Mateusz Gibała – stażysta Fundacji. Student II roku politologii na Uniwersytecie Kardynała Stefana Wyszyńskiego w Warszawie
Odkąd armia Federacji Rosyjskiej dokonała inwazji na Ukrainę możemy zauważyć znaczną zmianę nastrojów w państwach skandynawskich. Państwa, takie jak Szwecja, czy Finlandia, które dotąd w wielu kwestiach stawiały na neutralność wobec ostatnich wydarzeń zmieniły swoją narrację w kwestii poglądu na politykę bezpieczeństwa w regionie.

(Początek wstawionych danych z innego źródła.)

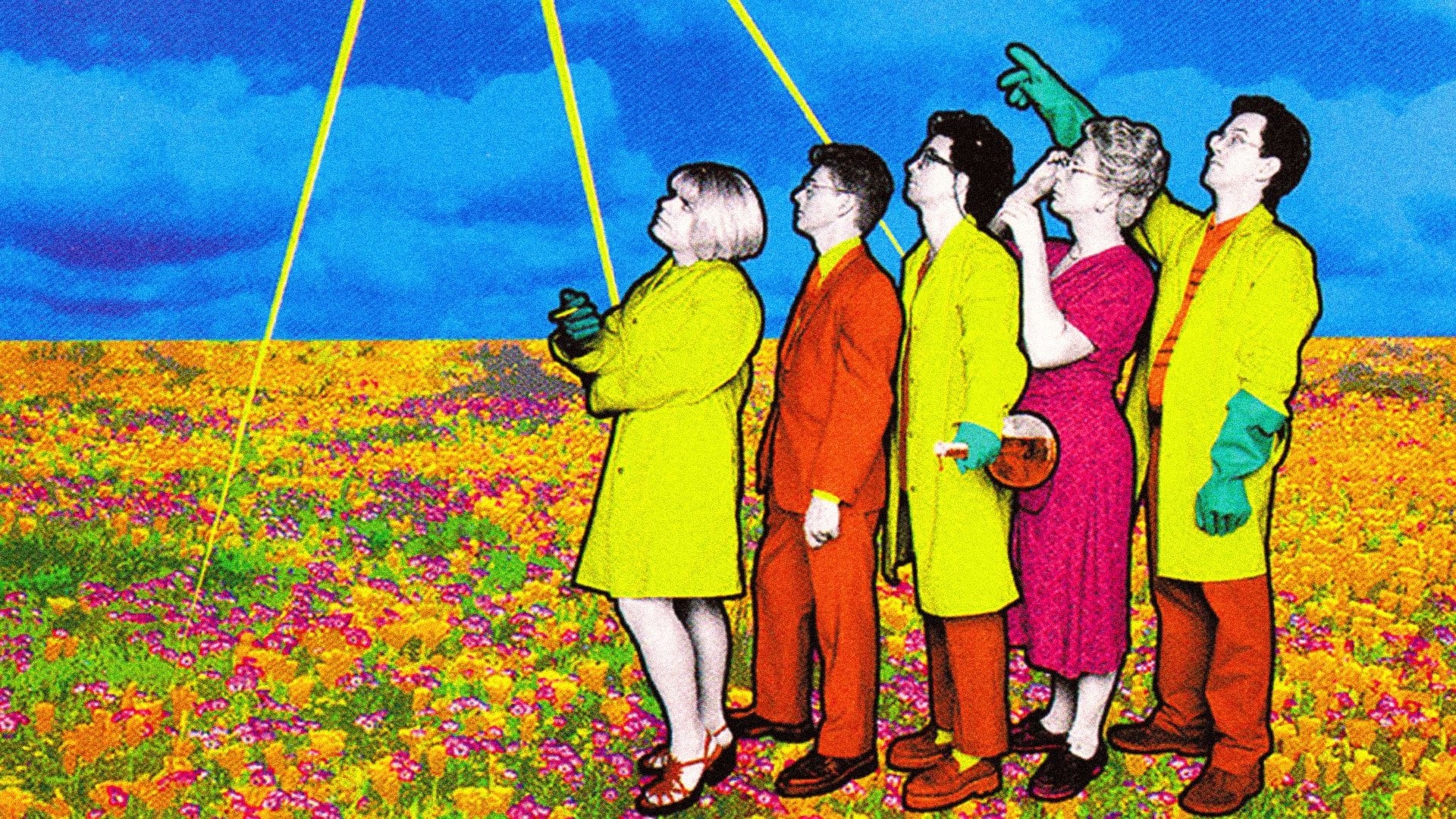 Foto do filme Kids in the Hall: Brain Candy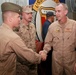 15th MEU Distinguished Visitor USS Peleliu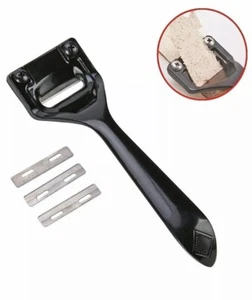 Leather Craft Super Edge Schärfen Köcher Messer Werkzeug mit 3 Klingen USA VERSAND - Bild 1 von 10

To, co dzieję się w Ukrainie jest sprawą, która w mediach przywróciła myślenie o członkostwie w NATO Szwecji i Finlandii, ale także wzmocniła pozycję i poparcie w innych krajach nordyckich. Przyczyną takiego obrotu spraw bez wątpienia jest Władimir Putin i jego coraz częstsze groźby ataku zbrojnego na suwerenne państwa Północy mowa tu oczywiście o Szwecji i Finlandii. Patrząc na politykę Władimira Putina należy się spodziewać dalszych prób eskalacji konfliktu nie tylko na niebie, ale i na morzu. Ostatnie wydarzenia w regionie Skandynawii pokazują, że Federacja Rosyjska nie zamierza rezygnować z zaczepek w stronę Północy, dlatego też sytuację takie, jak styczniowa prowokacja przy wyspie Gotland, niedawne naruszenie przestrzeni powietrznej przez rosyjskie myśliwce, a także nagłe „ćwiczenia” na Morzu Barentsa są tylko wstępem do tego, co potrafi Rosja.
Sytuacja w regionie
Zanim, jednak zajmiemy się stricte specyfiką Finlandii i Szwecji warto przyjrzeć się działaniom całego regionu wobec wojny wywołanej przez Rosję przeciw Ukrainie. W regionie skandynawskim zarówno kraje będące członkiem NATO, jak i kraje neutralne postanowiły wesprzeć militarnie walczącą z okupantem Ukrainę, lecz, zanim doszło do wsparcia militarnego ze strony krajów nordyckich to mogliśmy zauważyć dość ostrą krytykę wobec tych państw za swoją opieszałość w podjęciu decyzji o wsparciu militarnym, ponieważ zarówno kraje członkowskie NATO, jak i państwa neutralne (mamy tu na myśli Szwecję i Finlandię) zwlekały z decyzją o wysłaniu wsparcia wojskowego. Krytyka państw skandynawskich moim zdaniem powinna być mocnym punktem do refleksji dla przywódców i ukazać im, że w obliczu zagrożenia to niedyplomatyczne formułki wypowiadane na konferencjach są pomocą dla państwa, które walczy, a doraźna pomoc w postaci broni i pomocy humanitarnej. Ze strony szwedzkiej taka pomoc jest czymś bardzo wyjątkowym, ponieważ ostatni raz Szwedzi dostarczyli sprzęt w wojnie zimowej, kiedy to Finlandia walczyła ze Związkiem Socjalistycznych Republik Radzieckich. Ten ruch władz ze Sztokholmu powinien być wyraźnym sygnałem dla Putina pokazującym, że jego wizja państw nordyckich pełna agresji i chęci wywołania eskalacji konfliktu poprzez groźby wejścia zbrojnego nigdy w tych państwach nie będzie popierana.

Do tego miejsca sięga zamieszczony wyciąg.